Sub-contracting enables you to bring in skills sets that may not be available within your institution.

  • Consultants – junior £400 per day, senior £800 per day (7.5 hours/day)
  • Journalists, technical writers, editors, photographers, designers – £300–£600 per day (7.5 hours/day)
  • Producing a policy brief– 4 hrs for you to draft it, 2 hrs for editor to tailor it to the audience by adjusting the language and tone, 2 hrs for designer to layout, 4 hrs for revisions (all staff), find a place to host it e.g. website, printing costs for 200 copies = £250. Cost for 3 days of time if all internal staff, cost as above for external staff. You may need to go through a competitive invitation to tender process with 3 contractors if the total is above a certain cost threshold.

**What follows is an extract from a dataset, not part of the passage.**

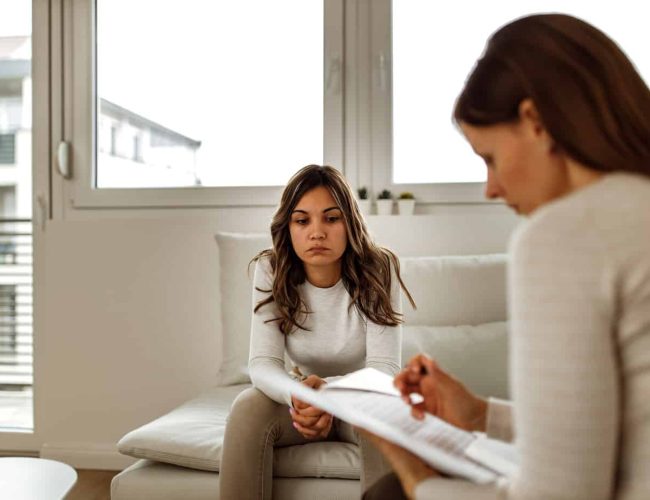 Young adult speaking with therapist about meth addict addiction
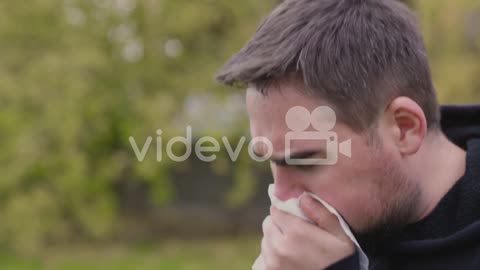 Sick Man At Park Coughing In A Handkerchief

Sources of further advice on impact:

Outputs list for Researchfish

  • Publications: Record any publications, for example, journal articles, conference proceedings, reports, policy briefs, book, guide, other
  • Collaborations and partnerships
  • Further funding: Any additional funding & details of funding body and process, for example, research grant, fellowship, co-funding, capital, travel)
  • Engagement activities: Details of activities that have engaged audiences, for example, working group, expert panel, talk, magazine, event, open day, media interaction, blog, social media, broadcast)
  • Influence on policy: Details of activities that have influenced policy audiences, for example, letter to Parliament, training of policymakers, citation in guidance/policy docs, evidence to government including consultations.
  • Influence on business: Details of activities that have influenced business, for example, citation in working procedures, revisions to guidance docs, citation in industry report, article in trade press, talk at trade event
  • Research tools and methods
  • Research databases and models: Only list the ‘new’ elements of any models, processes, data, for example, data analysis technique, handling, algorithm)
  • Intellectual property and licensing: For example, copyright, patent application, trademark, open source
  • Artistic and creative products: For example, image, artwork, creative writing, music score, animation, exhibition, performance
  • Software and technical products: Any non-IP products that are public or do not require protection, for example, software, web application, improved technology
  • Spin-outs
  • Awards and recognition: For example, research prize, honorary membership, editor of journal, national honour.)
  • Use of facilities and resources: For example, databases from outside of CREDS, shared facilities
  • Other: Anything not already covered above.